During the Song dynasty compasses became widely used in Chinese ships. Accurate data was collected on tides; distances and water depths. This knowledge enabled Zheng He to make his incredible voyages of world exploration.
The abacus is first known in China from the Northern Song dynasty through the work of Shao Yong ➚ (1011-1077). Like many early inventions it is not clear precisely where it originally came from. Some say Central Asia; some Asia Minor and others China. The English name 'abacus' comes via Latin and Greek ἄβαξ based on a Middle Eastern form in the 3rd or 4th century. As it is a straightforward step from counting with stones it may easily have developed independently in several places. In China the abacus is called Suanpan 算盘 suànpán or counting plate.
Needham ➚ believes it was first mentioned in the Shu Shu Ji Yi ➚ by Xu Yue c. 190CE. The process of counting using balls on rods is early in most civilizations and there is evidence for this in China in the Warring States period. The Chinese abacus is based on counting in fives which is a natural progression from counting on fingers in batches of five. An abacus was in widespread use in the Han dynasty for addition; subtraction; multiplication and division. During the Tang dynasty the principal manual for counting, probably still with counting rods was the 算经十书 suàn jīng shí shū (Ten canons of calculation). By the Yuan dynasty (1311) the 南村辍耕录 nán cūn chuò gēng lù mentions moveable beads. The modern abacus may not have evolved until later; with an illustration and detailed instructions for use, it is clear that it was in use in 1593 according to the 算法统宗 suàn fǎ tǒng zōng by Cheng Dawei ➚.
The traditional Chinese form of the abacus has five flattened balls separated from two others by a bar (the 2:5 arrangement). The balls are all threaded onto a rod. There are between 11 and 17 rods in total. Normally the balls above the bar are counts of fives, so on each rod it is possible to represent 0 to 15 or 1 to 16, the overflow above 10 is useful for temporary results especially in division. Normally the abacus is used for decimal arithmetic - counting in tens with each rod representing one digit. To allow for fractions one rod, sometimes in metal represents the decimal point, to the left are units, to the right are fractions. The ability to count to 16 was useful when old measure units of 16 were used. Another form of the abacus has just one separate ball (1:5) and so does not have a 'carry' capability.

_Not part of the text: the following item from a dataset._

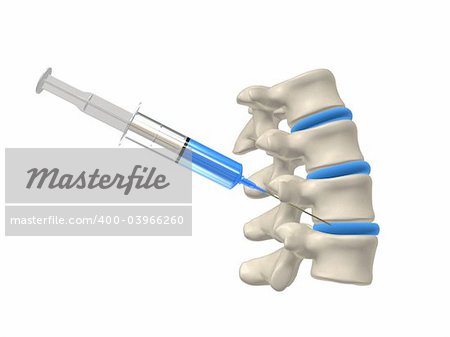 3d rendered anatomy illustration from a part of a spine with an injection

To see how the abacus can be used to perform calculations please visit these external web sites: addition ➚; subtraction ➚; multiplication ➚; division ➚ as well as square and cube roots ➚. The general technique is to combine the two sums starting at the rightmost digit and working left, using carry operations when necessary.
A similar functionality can just use balls on a grooved board using two different colors of ball. Putting the balls on rods allows for a fast reset, modern abacuses have a button to reset all the balls back to zero. On a reset, the upper register (heaven) balls are pushed to the top and the lower register (earth) balls are pushed to the bottom. The bottom five balls are moved up with the thumb and down two with the first finger. The two top balls are moved with the middle finger.
Counting on market stalls by the abacus was widespread by the Mongol period and continued through to the advent of electronic calculators. Skilled use of the abacus enables people to calculate remarkably quickly. This skill benefits mental arithmetic too, some of the fastest human calculators achieve this by carrying out the calculation on an imaginary abacus, visualizing where the balls lie. Teaching the use of the abacus was widespread until recently. Some children are still taught the abacus in order to improve their mental arithmetic.